>>>
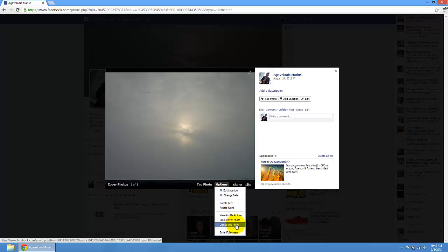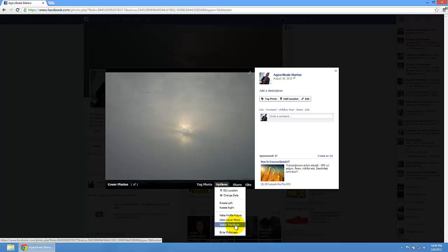If you delete this photo, you will not have it as a cover, so you have to add another one.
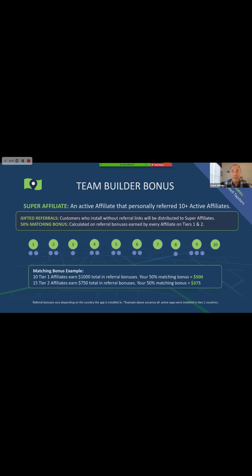You can fall out of super affiliate qualification if some of your people don't renew their annual subscription, but you can get right back as soon as you have 10 active affiliates personally enrolled. When you've done that, you now have two major perks. Number one, you can participate in our gifted referral program. People go to the app store and register without being referred by anyone — they go into a pool we affectionately call orphans, and the majority of that pool is distributed to our active super affiliates on a monthly rotation. What other affiliate program do you know of that gives you customers? We do that because you're helping us build our affiliate team.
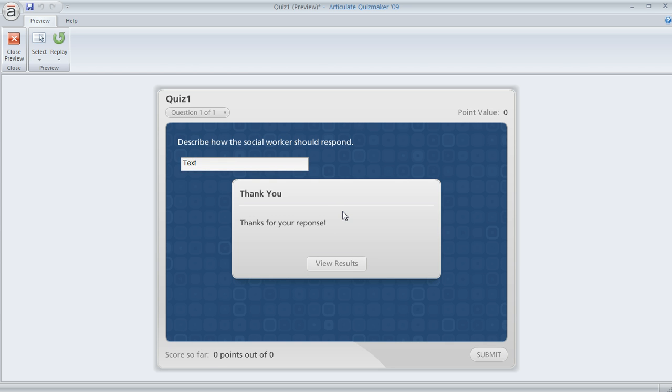Quizmaker assumes that they're done, displays the feedback, and then moves them on to the next question in the quiz or survey.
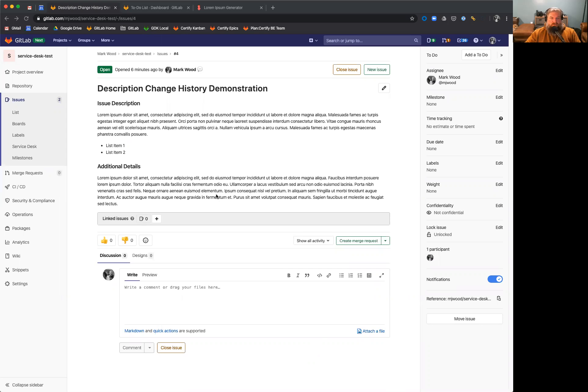Hello, everyone. I just wanted to do a quick speed run showing our brand new feature in 12.10. The description change history is now live.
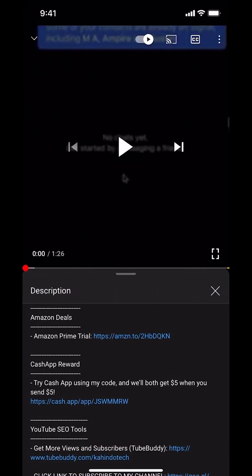This video is brought to you by Amazon Prime. If you shop on Amazon you can save a lot of money by getting an Amazon Prime subscription. If you want to learn more about how you can save money, click on the Amazon Prime trial subscription link — you can find this link in the video description.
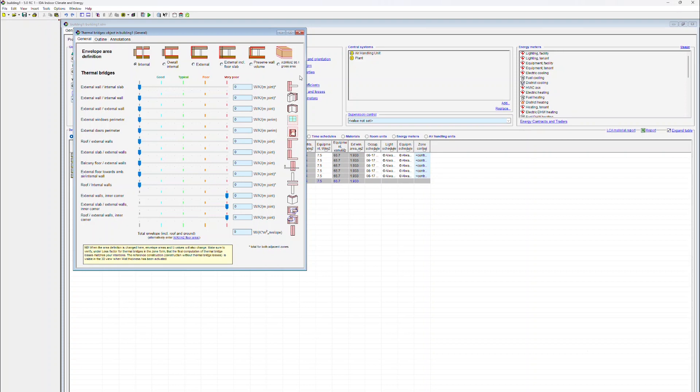Heat loss associated with thermal bridges are normally defined in watts per kelvin and meter joint. The only exception is the external wall, where it's defined in watts per kelvin and square meter.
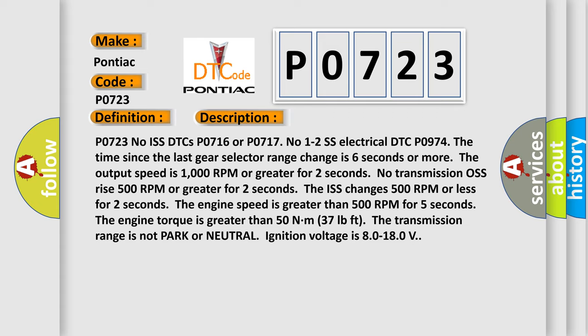The engine speed is greater than 500 RPM for 5 seconds. The engine torque is greater than 50 Nm (37 pounds feet). The transmission range is not park or neutral. Ignition voltage is 8.0 to 18.0 volts.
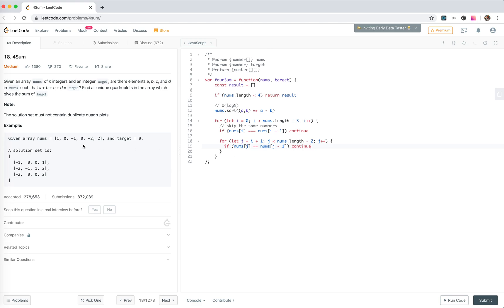But here is a problem that j actually starts from 1, right? So the first one, for the first one, it might be the same to the i-th element.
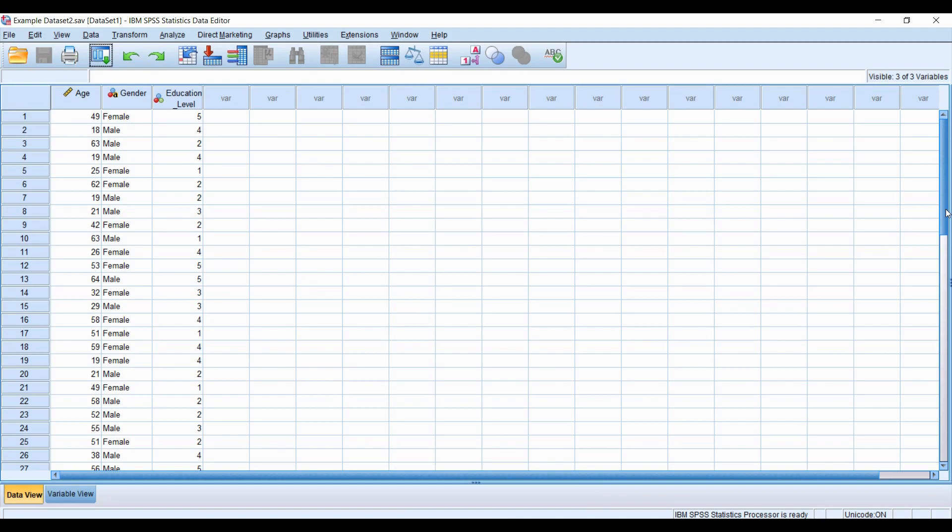Alright, hello everyone, this is John, and in this video I'm going to show you how to quickly recode a numeric variable in SPSS using options in the transform menu.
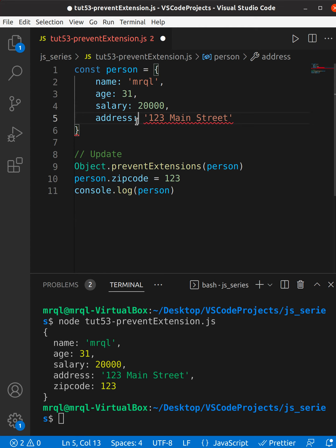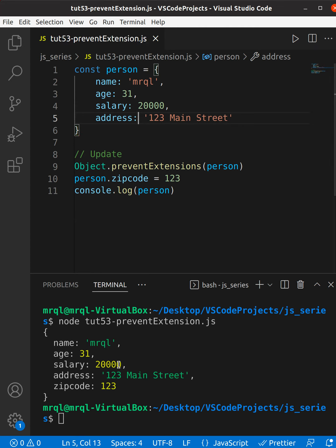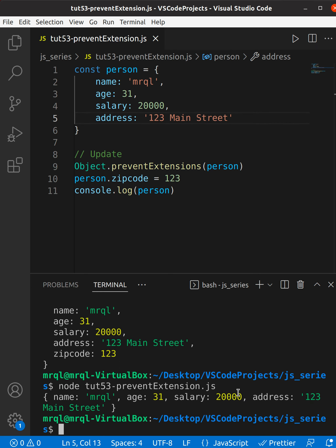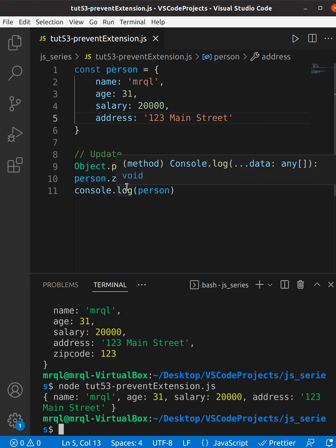Running the code again, you can see that the zip code property is not being added to the person object, even if we try to add it in the code. Thanks for watching.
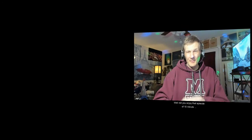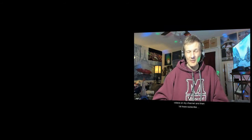Well, did you enjoy that episode of 10 Minute Astronomy? If so, check out all the other videos in that playlist for 10 Minute Astronomy, and other videos on my channel, and then hit the subscribe button right there. Thanks!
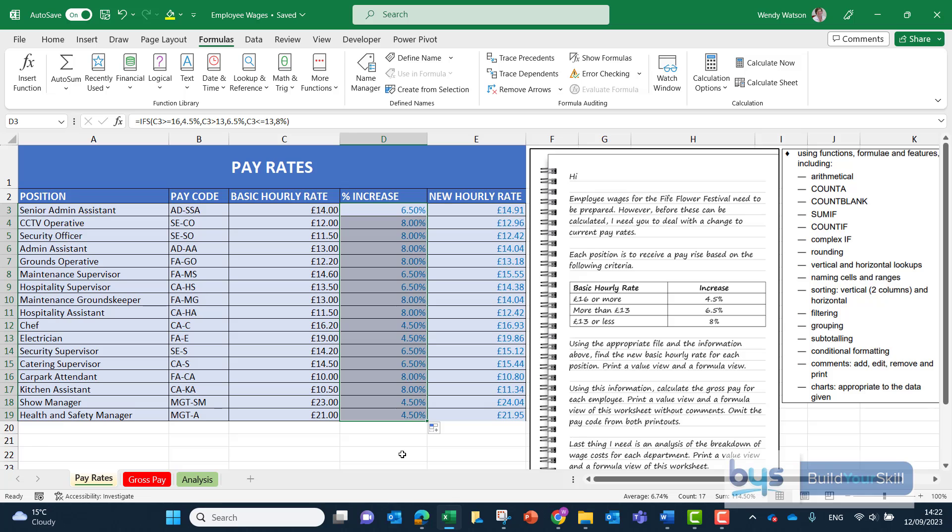So that is another way of completing column D using the complex if function.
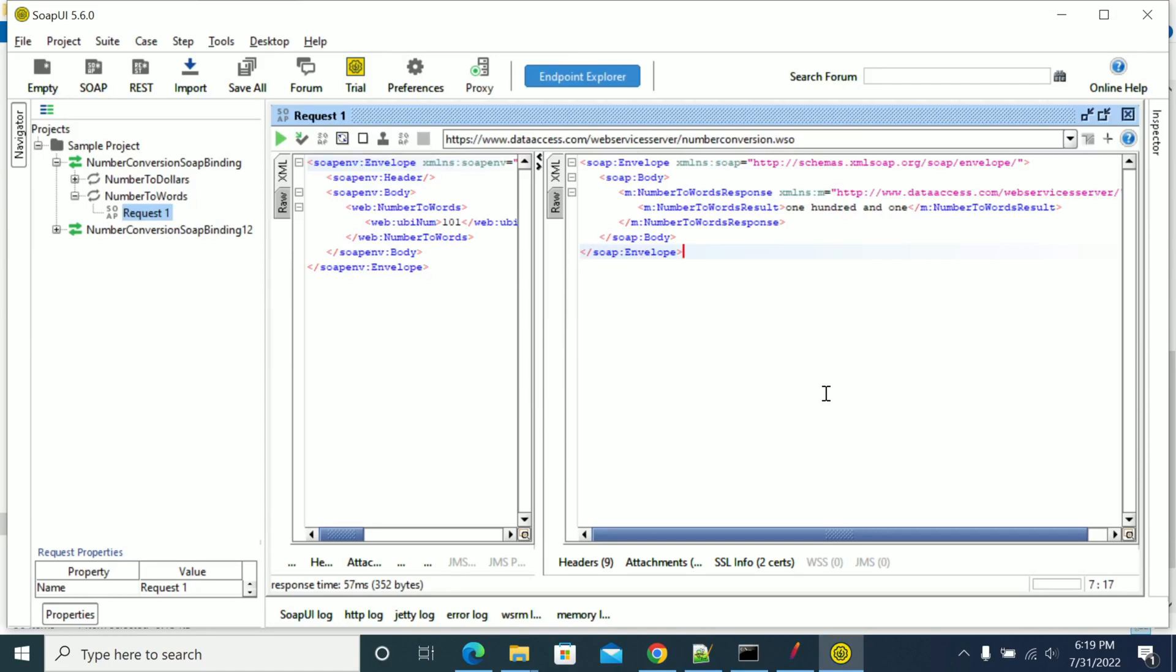Hi everyone, in this video we will see how to handle SOAP requests in JMeter. This is a simple SOAP request which takes numbers as input and gives words as output. If you see this, I am giving 101 as an input.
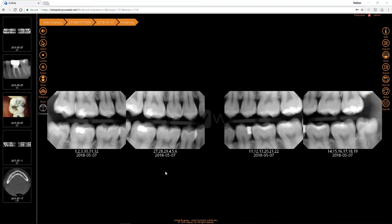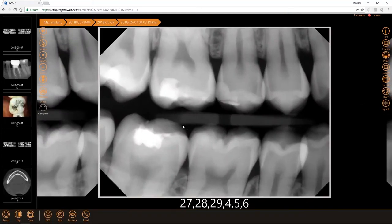In this tutorial we will be going through the steps on how to use some of the most common image manipulation tools in XvWeb. First you'll select the image that you want to use these tools on by simply clicking on it. It will enlarge the image full screen.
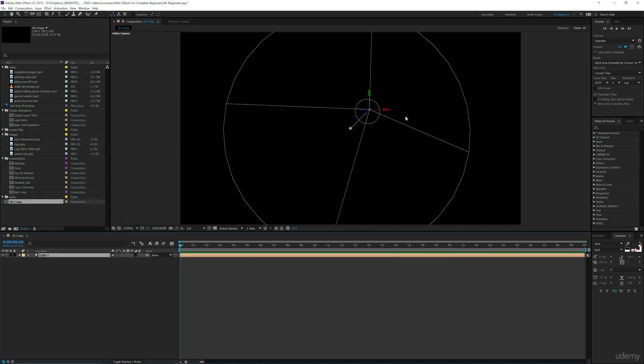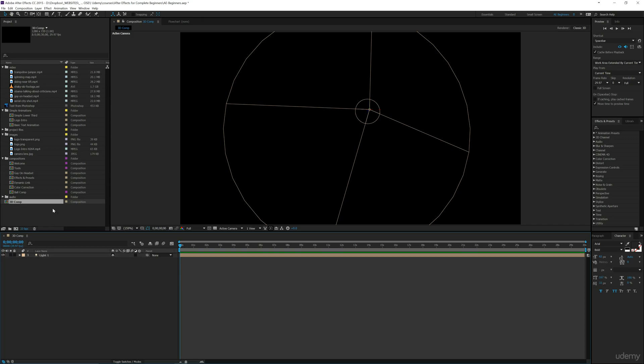Now there's nothing in our composition to be able to see, so the light is affecting basically nothing. It's on but there's nothing for it to hit for you to be able to see the shadow. So in the next video, I'm going to show you how to add a text element in order to be able to see what the light is doing to that. So I'll see you in that one.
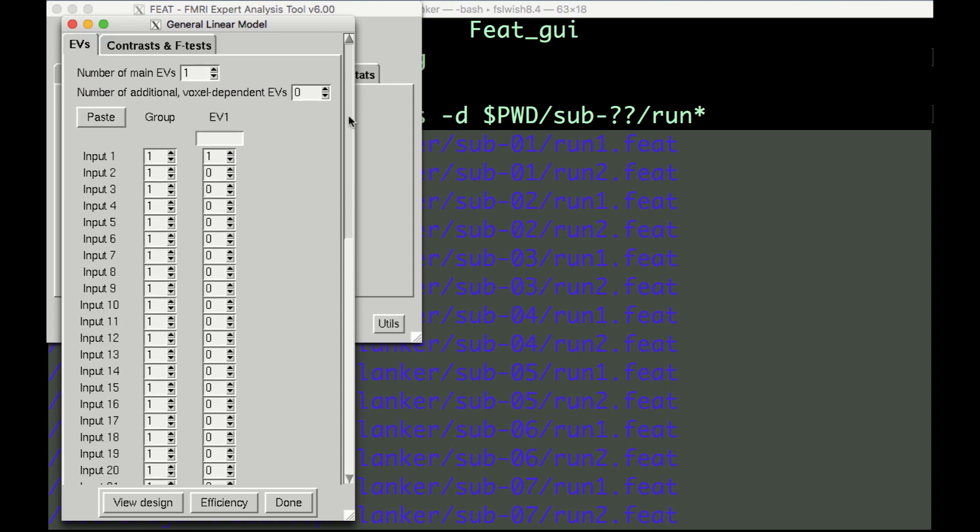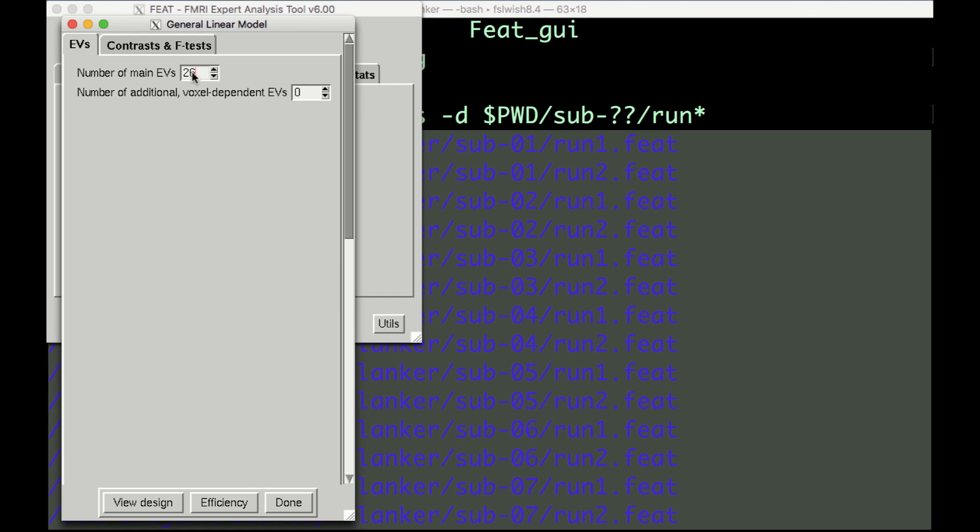For the number of main EVs, change this to 26, which is the number of subjects in our data set, and then press Enter. It may take a while to redraw the window.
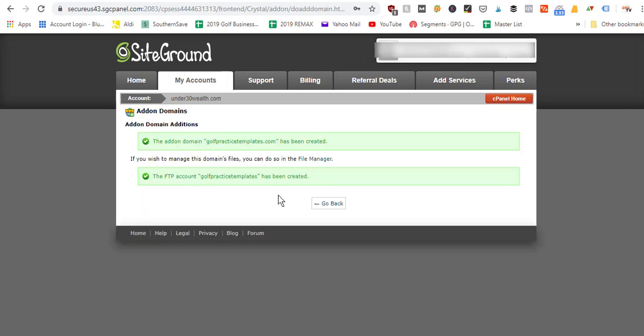Once you see all the green checkboxes, you're ready to go. SiteGround will create an FTP account in the back end of your hosting account, which is what stores all of your website files. Now that we've connected our domain name to our hosting account, the next step is to install WordPress to our hosting account and domain name. Head over to the next video where I'll show you how to download and install WordPress to your newly added domain.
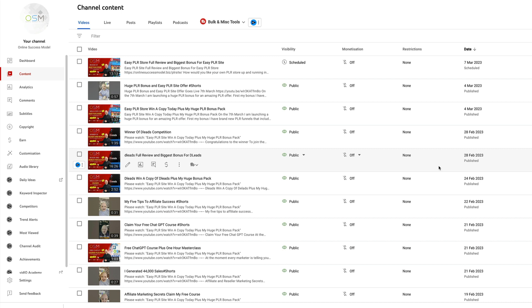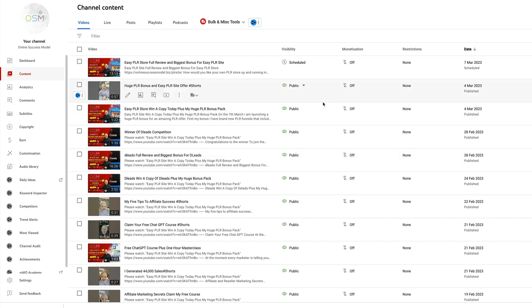One lucky winner is going to win that huge prize. Now if you're not lucky enough to win, just check out the description below. You'll see a direct link to my bonus page where you can purchase Easy PLR Store through me and claim my amazing bonus pack. So without further ado, let's pick the winner.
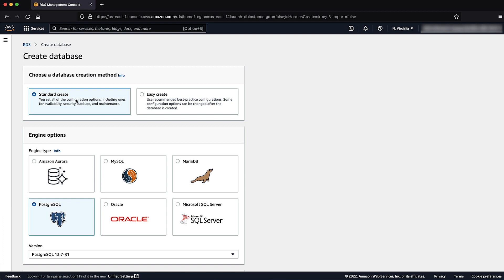For engine type, choose the engine type that you want. For this demonstration, I'll use PostgreSQL, but you can choose between MySQL, MariaDB or PostgreSQL.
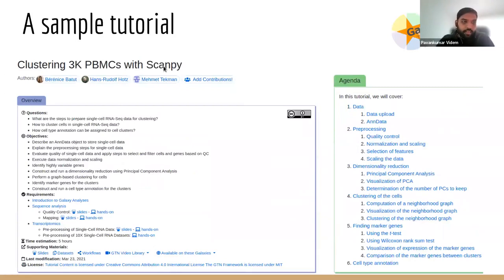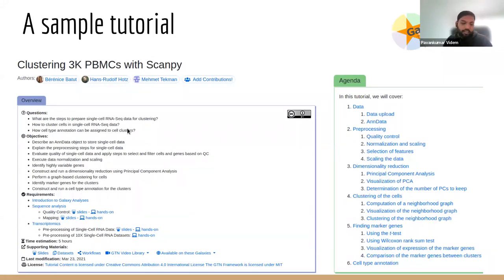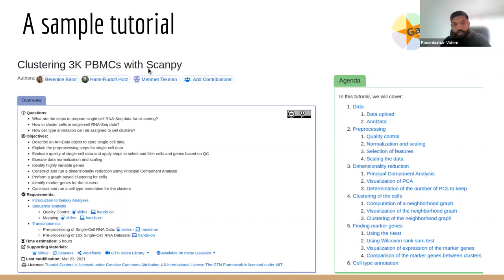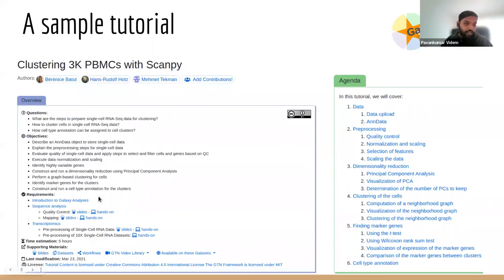This is the single-cell RNA sequencing tutorial for clustering of PBMCs with ScanPy. Each tutorial is designed thoroughly so that it can be used for self-studying, and they are often centered around scientific stories. For example, this one is about clustering of PBMCs, which is a well-known workflow implemented in ScanPy. We actually reproduce this complete workflow on Galaxy.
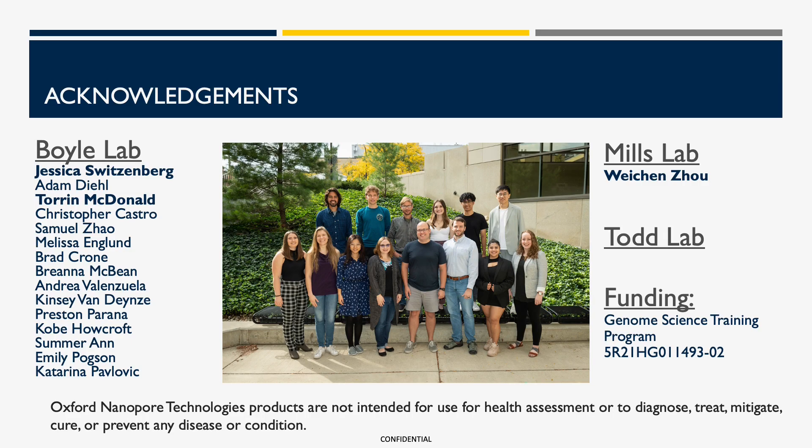I'd like to thank all the members of my lab, as well as those from the Mills and Todd labs. In particular, I'd like to thank Jessica Switzenberg and Torin MacDonald, as well as Arthur Joe. Finally, I'd like to thank my funding sources and Nanopore for the opportunity to present my work.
<<<
→ **WHAT THE EXERCISE ASKS**
With the pictures omitted, restate word for word the lines above from the line that has "Alright, hello everyone, this" up to and including the line that has "So that is another", and no other lines.

→ **SOLUTION TO THIS PROBLEM**
Alright, hello everyone, this is John, and in this video I'm going to show you how to quickly recode a numeric variable in SPSS using options in the transform menu.
Running the code again, you can see that the zip code property is not being added to the person object, even if we try to add it in the code. Thanks for watching.
Well, did you enjoy that episode of 10 Minute Astronomy? If so, check out all the other videos in that playlist for 10 Minute Astronomy, and other videos on my channel, and then hit the subscribe button right there. Thanks!
So that is another way of completing column D using the complex if function.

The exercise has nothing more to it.